IBM’s almost legendary research capacity has been dedicated to a lengthy list of topics that often extending the current perception of IT. Today, company representatives will be attending the International Electron Devices Meeting in Washington to reveal what have been called breakthroughs in the microchip field.
Specifically, the three IBM reports that will be released today will focus on three alternative routes to maintaining Moore’s law. Researcher Bernie Meyerson said the trend which has been persisting most prominently in the last decade or so, the shrinking of individual chip components, is no longer sustainable.
“But none of those approaches will work, IBM’s Bernie Meyerson says, once circuitry shrinks to around seven nanometers. “We can debate if it’s in five years or ten years but the game is over,” reports the Wall Street Journal.

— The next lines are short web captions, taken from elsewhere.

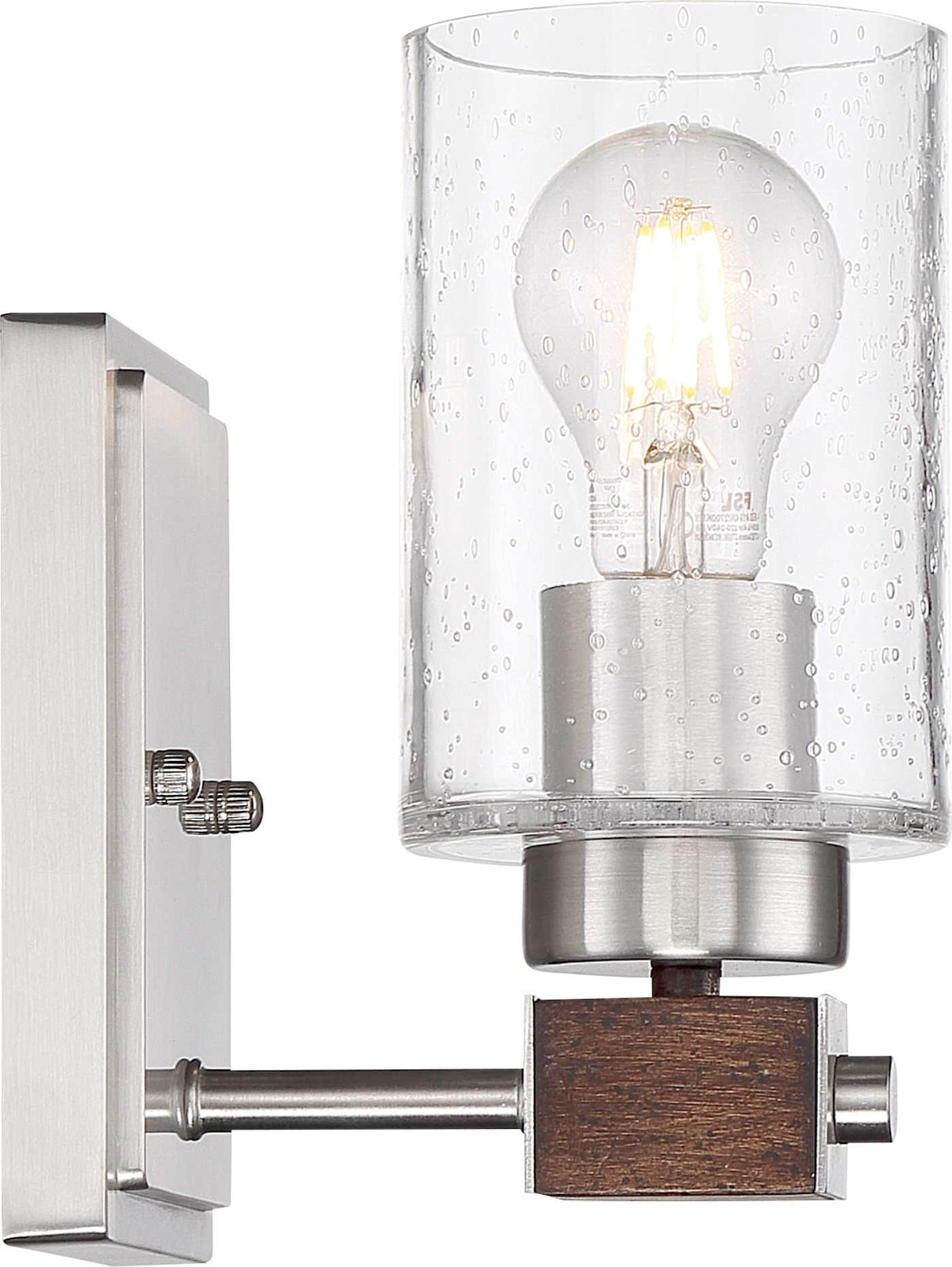 ARABEL 1 LIGHT VANITY - 60-6961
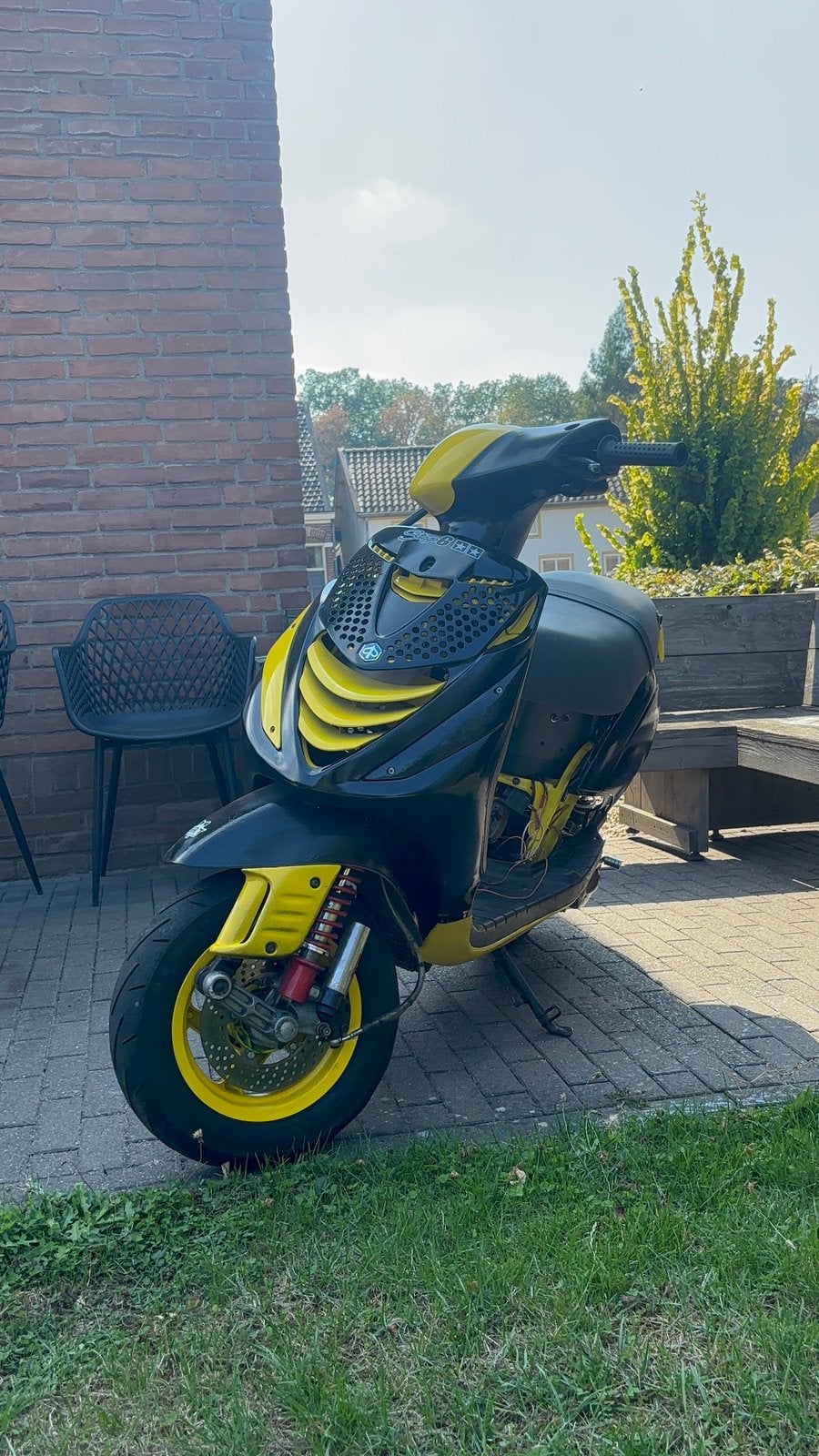 Zip 70, Ophalen of Verzenden, Zo goed als nieuw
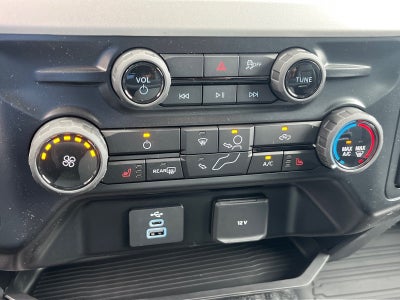 2026 Ford Super Duty F-550 DRW XLT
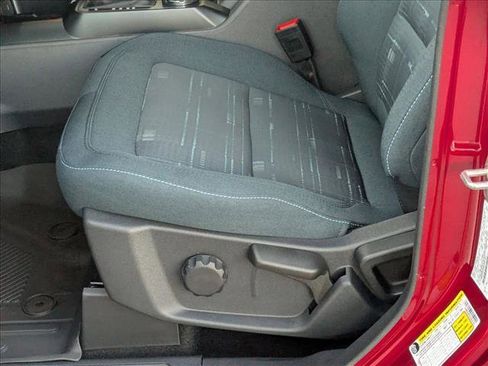 New 2025 Ford Bronco Heritage Edition image 4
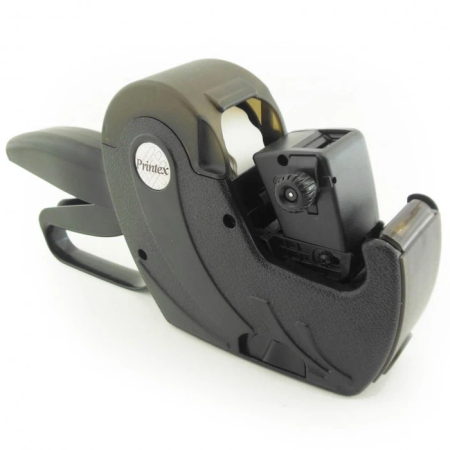 Aparate etichetat - Marcator de pret Printex 2612 Z10, 10 caractere + logo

IBM’s findings explore the opportunity beyond this proposed boundary by presenting a few rather interesting concepts. One of the reports focuses on nanotubes, carbon-based structures that can be ‘grown’ at scales the semiconductor industry is already familiar with. IBM went a step further and already developed the first nanotube transistor, measuring less than 10 nanometers.
The second paper covers the potential of microscopic grapheme films in small semiconductors, while the third looks into racetrack memory. The latter is a form of magnet-powered data storage which we covered last year.
This latest research is the result of a wide effort by IBM to gain a head start in the future of semiconductors. These findings emerge alongside other experimental concepts such as the brain chip, which imitates the way an organic brain functions.
While IBM is looking into the future of processors, some of the more competitive vendors in this field are innovating with a shorter-term goal in mind. One of them is ARM, which have been working on its ARMv8 architecture.